▸ Recorded information:
-- Opening Marker --
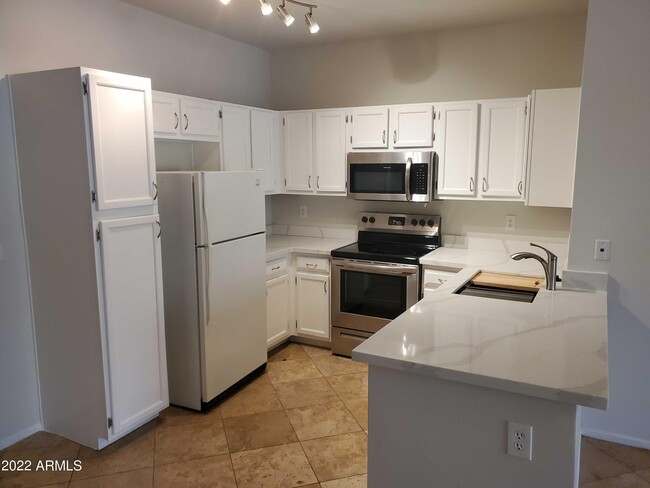 Photo - 7009 ACOMA Dr Apartment Unit 1066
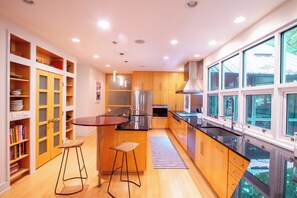 Wasserkocher mit Kaffee-/Teezubehör, Kühlschrank, Mikrowelle, Ofen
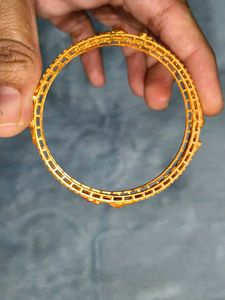 Gold-toned Bangle Set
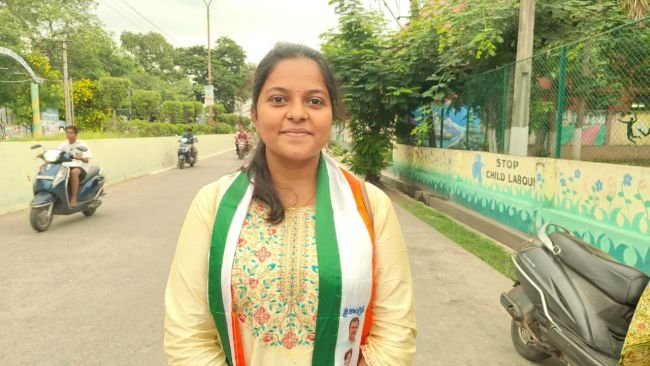 చీరాల కాంగ్రెస్ చైర్మన్ అభ్యర్థిగా డాక్టర్ రోజ్ పద్మిని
-- Closing Marker --
▸ What is needed: Reprint the whole listing verbatim except for the pictures.

▸ Solution to this task:
 Photo - 7009 ACOMA Dr Apartment Unit 1066
 Wasserkocher mit Kaffee-/Teezubehör, Kühlschrank, Mikrowelle, Ofen
 Gold-toned Bangle Set
 చీరాల కాంగ్రెస్ చైర్మన్ అభ్యర్థిగా డాక్టర్ రోజ్ పద్మిని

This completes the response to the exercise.